Ztest_nominal has about 63,000,000 rows and Ztest_Participation about 62,000

The sql I was going to use (with an insert into) is (I did have the inner select outside before I gave up and posted here!):

SELECT 
  p.ParticipationId,
  p.LatestVersionNo,
  n.*
FROM
  Ztest_nominal n
INNER JOIN
  (
    SELECT 
      ParticipationId,
      LatestVersionNo,
      BMCode
    FROM 
      Ztest_participation
    WHERE 
      LatestVersionNo = LastVersionSubmitted
  ) p 
    ON p.BMCode = n.BMCode

However i feel its going need some optimisation so its not slow, also I've already had out of memory errors when running it.

Any help would be appreciated

Best Answer

So I re-wrote your query (under a couple of assumptions) to hopefully set it up for "great success". The three main things the below queries do are:

1: Pre-filter the data from Ztest_Participation into a temp table. By doing this filtering upfront you simplify your final INSERT query for the query optimizer by pre-materializing just the data you need to JOIN to first. Also materializing it into a temp table can leverage some of the performance benefits in TempDB later on (such as the potential of the data being materialized in memory).

2: The final INSERT query leverages the TABLOCK hint which results in less log generation and removes the potential of many row lock escalations, leading to optimized performance on INSERT. (Additional information on the benefits of TABLOCK here.)

3: I simplified your JOIN query between #Ztest_Participation_Filtered and Ztest_nominal by using a better relational solution. This should also help the query optimizer when generating a performant execution plan.
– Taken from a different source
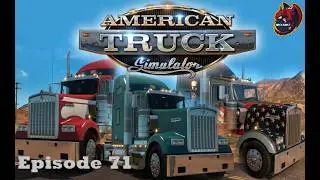 [FR] [ATS] Les routes des Usa sous la neige en convoi Ep71.
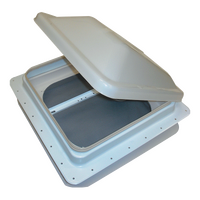 COAST RV 14x14 White Std Wind-up Roof Vent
-- Pre-filter Ztest_Participation down into a temp table
SELECT P.ParticipationID, 
       P.BMCode, 
       P.LatestVersionNo, 
       P.LastVersionSubmitted
  INTO #Ztest_Participation_Filtered
  FROM Ztest_Participation AS P
 WHERE P.LatestVersionNo = P.LastVersionSubmitted

-- Create the appropriate index needed for our JOIN later on
CREATE CLUSTERED INDEX IX_TEMP_Ztest_Participation_Filtered_BMCode 
    ON #Ztest_Participation_Filtered (BMCode)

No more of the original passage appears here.